Some religious groups have revealed they feel underrepresented on public bodies
Some religious groups have revealed they feel underrepresented on public bodies

by LAUREN CODLING

LEADERS of faith groups have been urged to consider roles in public organisations, as a minister revealed some religious groups felt they were underrepresented on public bodies.

Oliver Dowden, the minister for implementation, spoke to Eastern Eye following a Faith in Leadership event at Windsor Castle earlier this month.

Dowden, who has previously said it was vital to have diversity in public body roles to reflect communities and ethnic backgrounds, urged faith leaders to consider public appointments for themselves.

Roles on public bodies include appointments within the NHS, the National Portrait Gallery and the British Museum.

Roles in public bodies can include appointments within the NHS

Dowden revealed that he had been approached by a number of faith groups who felt they were under-represented.

“We need to change that,” he said. “More diverse boards are better able to understand
and connect with the people they serve. Those from different faiths can provide a range of perspectives for better decision making, particularly if ethical and moral dilemmas arise.”

Insisting that it was a cause he was passionate about, Dowden added he was determined to use his role to ensure “we get the very best people from all walks of life into public appointments”.

The government makes more than 1,000 public appointments to the boards of 550 public bodies, he noted.
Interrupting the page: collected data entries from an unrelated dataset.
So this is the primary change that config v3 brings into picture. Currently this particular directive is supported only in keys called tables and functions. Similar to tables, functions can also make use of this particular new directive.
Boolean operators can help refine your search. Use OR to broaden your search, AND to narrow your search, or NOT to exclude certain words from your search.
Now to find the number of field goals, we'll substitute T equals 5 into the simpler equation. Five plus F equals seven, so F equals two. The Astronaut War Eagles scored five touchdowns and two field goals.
Between them, these bodies spend more than £200 billion a year and touch every aspect of people’s lives across the UK.

Therefore, he added, it was really important that the government got the best people with a broad range of experience in these roles.

Dowden, who was appointed as the parliamentary secretary at the Cabinet Office last January, believes individuals from a faith background can bring “important and informed” perspectives to the “difficult, contentious and ethical” questions which many of these public
bodies tackle on a daily basis.

Oliver Dowden speaks at the Faith in Leadership event

Public bodies can benefit an enormous amount from the wisdom and perspectives from our faith communities, he said.
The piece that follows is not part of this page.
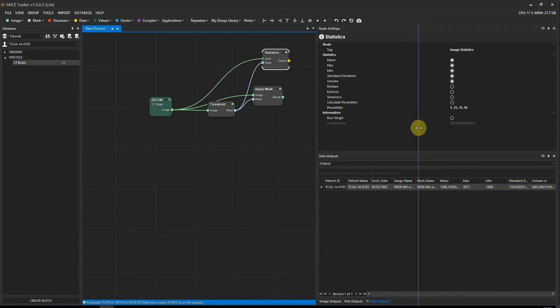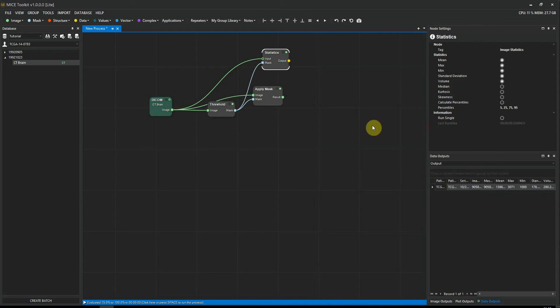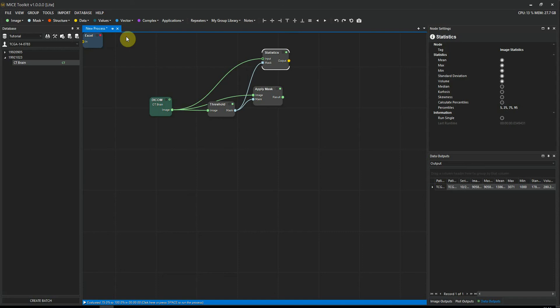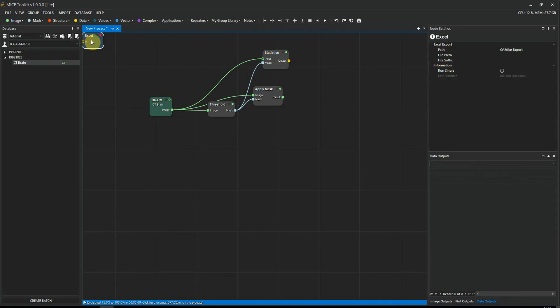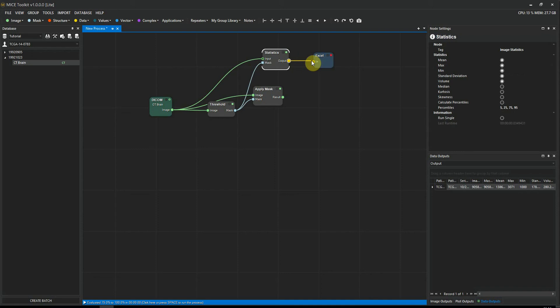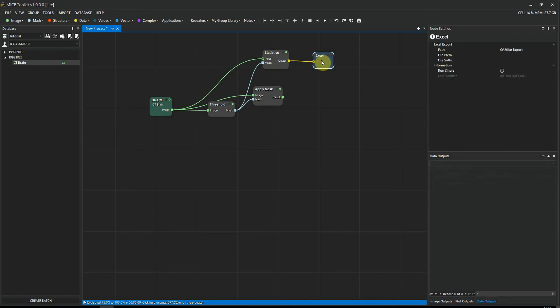Now I want to export this to Excel, and I can do that by going to data, export, Excel. This export node takes one input, so I connect the output from the statistics node to the input of the Excel node. In the node settings of the Excel export node, I can select the path to where I want the file to be stored. Press spacebar to execute the workflow.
“We have recently advertised roles on the boards of Social Work England to the Advisory Council on the Misuse of Drugs and the Biometrics and the Forensics Ethics Group where a faith perspective is important to the design and delivery of these important bodies,” Dowden said.

Public bodies including healthcare, justice and cultural institutions deliver a variety of services, and Dowden said he understood that some people may face challenging decisions.
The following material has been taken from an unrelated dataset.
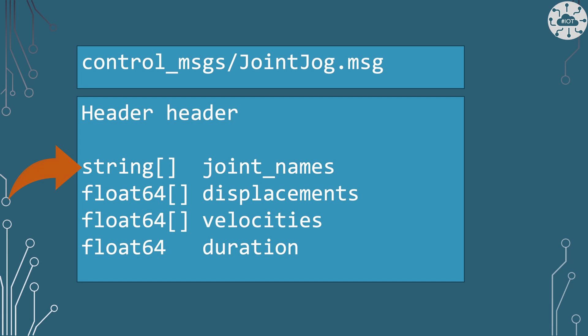Joint Jog allows us to have the list of joints that we want to change and their displacements, i.e. the angle we want to set them to. It would allow velocity as well, but I'm not going to use it, and the duration, how long we want it to take to move them.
“We need the best minds from across all communities to help guide them,” he said. “It’s really important that those communities are represented on the boards of public bodies so that they deliver what individuals really need.”

Currently, the government is recruiting for some 30 public appointments and have many more coming up in future months. Opportunities range from chair of the Royal Botanic Gardens at Kew to an independent chair of the Defence Science Expert Committee.

“Those who want to apply do not have to be an expert in a particular sector to be a credible candidate for these positions,” the Hertsmere MP said. “No matter what the business of these public bodies, the fresh perspective that a diverse board can bring could be just what is needed.”